There's something peculiarly Irish about our approach to policing

Opinion: with the problems at the Department of Justice in sharp focus after recent events, how did its particular relationship with the Garda Síochána came about? 

By Dr Claire Hamilton, Dept of Law

The current political scandal over former Tanaiste Frances Fitzgerald’s knowledge of the aggressive strategy to attack Sergeant Maurice McCabe once again shines a spotlight on the culture within a supposedly "dysfunctional" Department of Justice. In particular, it highlights the somewhat "cosy" relationship between officials in the Department and An Garda Síochána.
Of course, this isn’t the first time such dysfunction has been identified. In 2014, the Toland Report reported the "deferential relationship with An Garda Síochána" and "a closed secretive and silo driven culture". The emphasis on secrecy was so pronounced, according to Toland, that secrecy was "part of its DNA".
Given current appetites for reform of the department, it’s useful to think a little about how we got here and how such a culture developed within one of our key government divisions. Criminological research into criminal justice policymaking in Ireland can shed light on this and in particular the manner in which the existential crisis that the Irish state has experienced since its foundation (namely, the subversive or terrorist threat) has helped shaped the current orientation of the criminal justice system.
The gardai are "a much bigger, more powerful, more significant culturally institution here than police forces are in most other states"
Examining criminal justice in Ireland over a thirty year period (1976 to 2006) and comparing it with Scotland and New Zealand, my own research, Reconceptualising Penality, found that the Irish criminal justice system is unusual in terms of the central role occupied by the Garda Síochána in public life.

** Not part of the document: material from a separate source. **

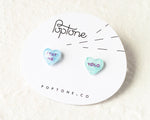 Load image into Gallery viewer, YOLO + Text Me Candy Heart Valentine Stud Earrings
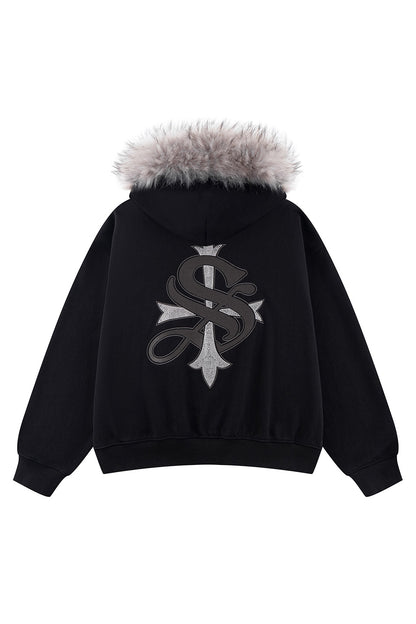 Faux Fur Cross Zip Hoodie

As one respondent put it, "they are a much bigger, more powerful, more significant culturally ... institution in this state than police forces are in most other states…so that crime control in Ireland was always going to be front loaded, because that’s where the power of the criminal justice system in this country actually lies".
A large part of the explanation for this lies in the terrorist threat which has dogged the state since its foundation and the instrumental role played by gardai in countering that threat. The security threat not only thrust the Gardai front and centre of Irish criminal justice from its very inception, but also permeated public life in a very significant way.
While the actual impact of the conflict on crime levels in the Republic was relatively minor, the Troubles had major effects on civil service culture, as Mary Rogan has noted, instilling a defensive and insular attitude in officials and a strong suspicion of outside involvement. It is of course the case that many of the senior managers now working in the Department of Justice would have begun their careers at a time when security concerns were at their peak, something which is not without significance in considering the current failures of accountability in the Department’s dealings with An Garda Síochána.
How does Ireland compare to other jurisdictions in this regard?
In all three countries that I examined, the police appeared to be held in considerable public regard, were expert lobbyists and were well connected to the media. Those who I interviewed, including policymakers and former ministers, were well aware of the popular appeal of front-end measures such as increasing police numbers, not least because, as one crime journalist pointed out to me, "the police don’t have to be explained [to voters]".
Yet, comparing the three countries, there was also something peculiarly Irish about our approach to police powers. Looking to New Zealand, for example, the absence of a terrorist threat historically in that country has meant that public support of increased police powers is considerably more lukewarm. As one policymaker I spoke to put it, the introduction of police powers along the lines of the UK Terrorism Act 2000 would probably send the public "into revolt". The downside of this is that New Zealanders have focussed their crime control efforts largely on prisons, or the "back-end" of the criminal justice system, sending their imprisonment rates soaring.
Ireland and New Zealand therefore form an interesting mirror image of one another over the 30 year period considered. In New Zealand, criminal justice reforms have been concentrated on the "back end" of the system (the use of imprisonment), with relatively little attention given to "front end" reforms such as increases in police powers/erosions in the rights of defendants.
Ireland has maintained low rates of imprisonment in international terms while police powers have been enhanced and rights enjoyed by suspects have been curtailed
Conversely, Ireland has maintained relatively low rates of imprisonment in international terms while police powers have been enhanced and the rights enjoyed by suspects have been increasingly curtailed (often through criminal justice measures emulating emergency legislation).
For researchers, these differing crime control strategies suggest the need to adopt a broad-brush approach when analysing criminal justice systems and looking to changes in policing as well as prisons. In terms of the current crisis, those tasked with reforming the Department of Justice would do well to situate its working culture within its particular political and social context, as argued for in the cognate area of police reform. In an Irish context, this would mean due regard being given to both the broader dynamics of crime control in Ireland and the distorting impact of national security on the department’s working culture.